--- Recorded data Enclosed Below ---

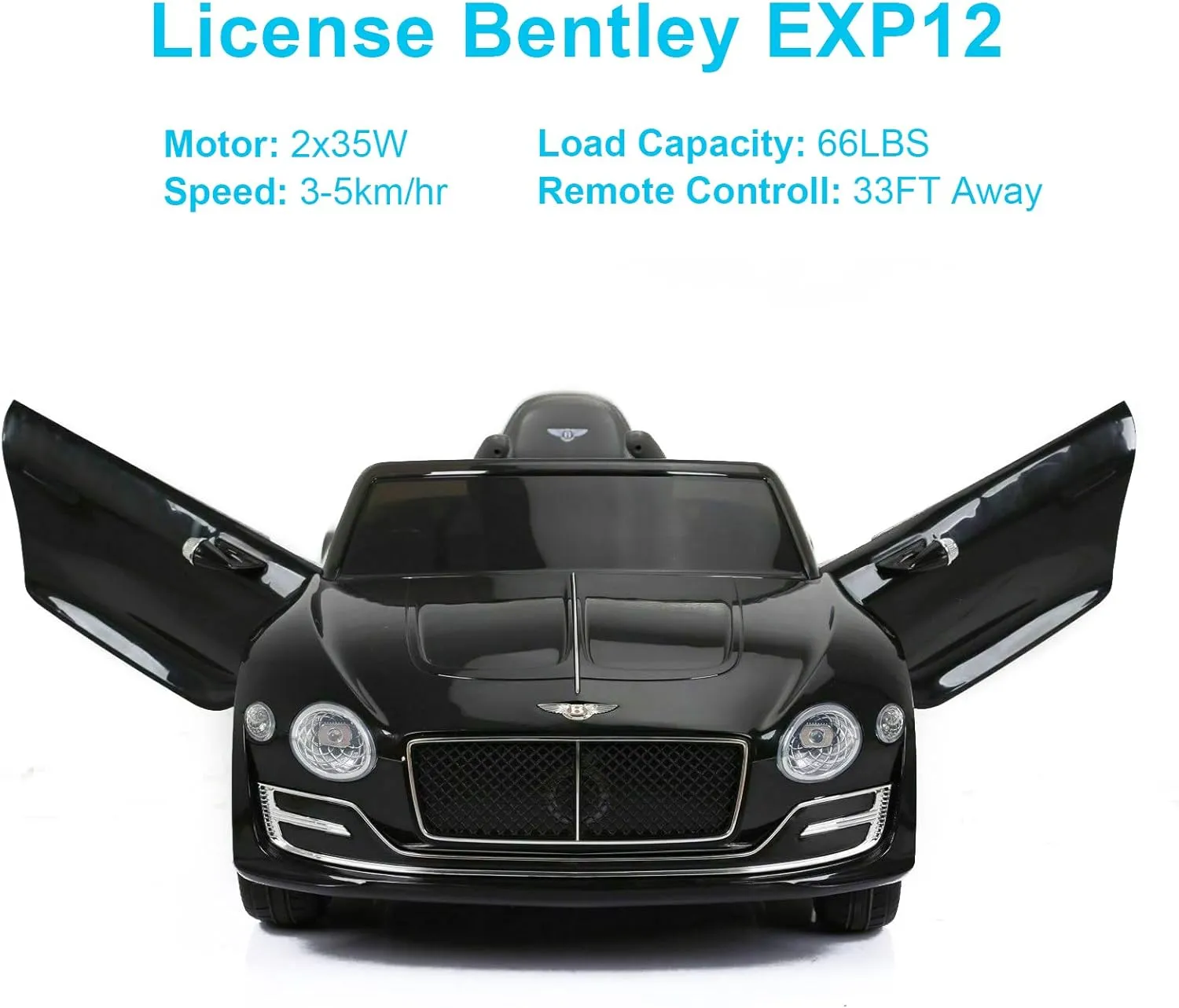 SEHOMY 12V Bentley Electric car for Kids with Remote, EXP12 Kid Cars to Drive Battery Powered Ride On Vehicle with 4 Wheels, Foot Pedal, 2 Speeds, Music, Aux, LED Headlight, Music Player Black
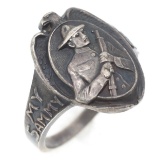WWI US ARMY INFANTRY SWEETHEART SILVER RING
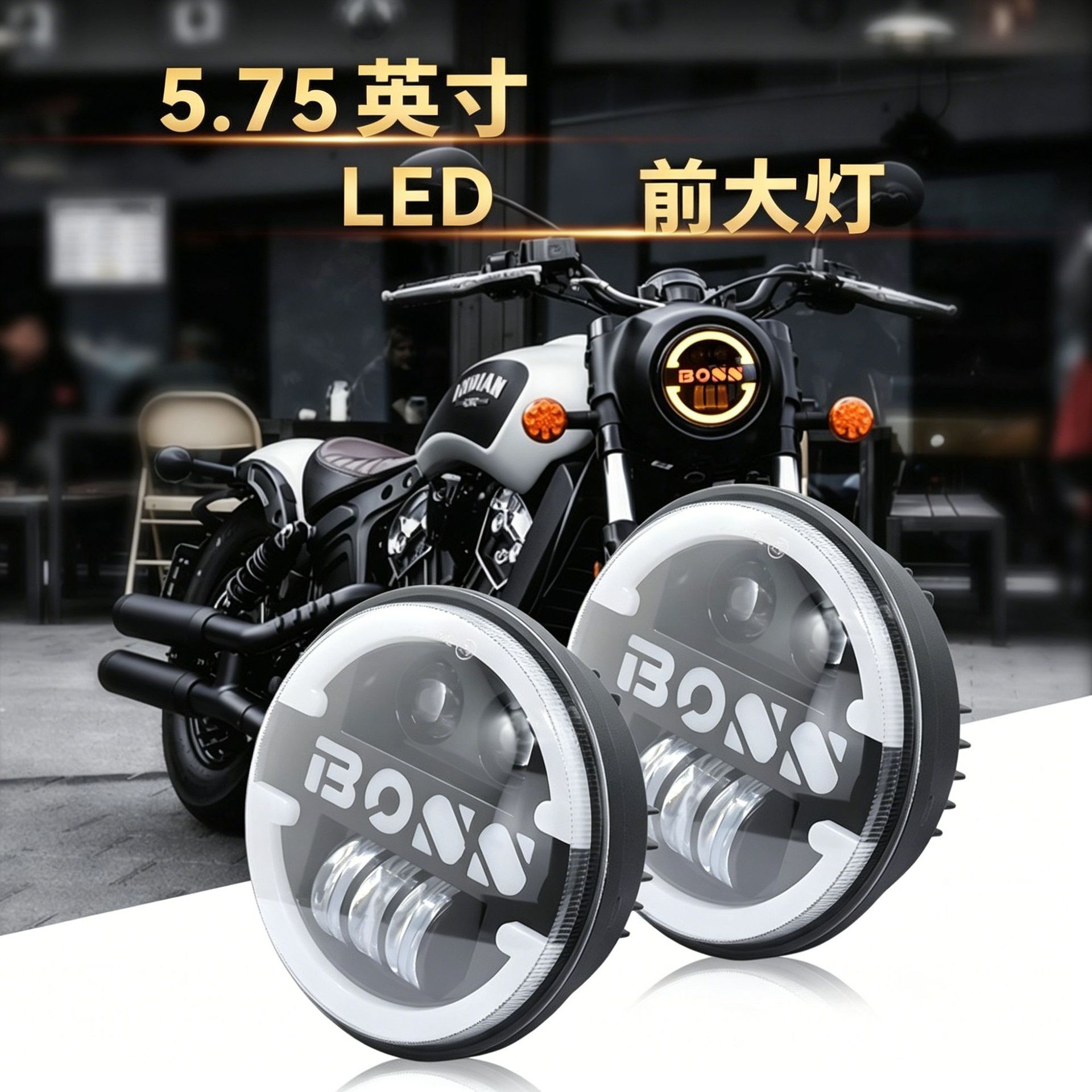 Cross-Border Hot-Selling Harley Motorcycle Spotlight 5.75 Inch 60W Wrangler Boss Car Led Headlight Modification Headlight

--- End of Enclosed Recorded data ---

Only the words belong in your copy: restate the data above exactly and leave the images out.

#### Response to the exercise
 SEHOMY 12V Bentley Electric car for Kids with Remote, EXP12 Kid Cars to Drive Battery Powered Ride On Vehicle with 4 Wheels, Foot Pedal, 2 Speeds, Music, Aux, LED Headlight, Music Player Black
WWI US ARMY INFANTRY SWEETHEART SILVER RING
 Cross-Border Hot-Selling Harley Motorcycle Spotlight 5.75 Inch 60W Wrangler Boss Car Led Headlight Modification Headlight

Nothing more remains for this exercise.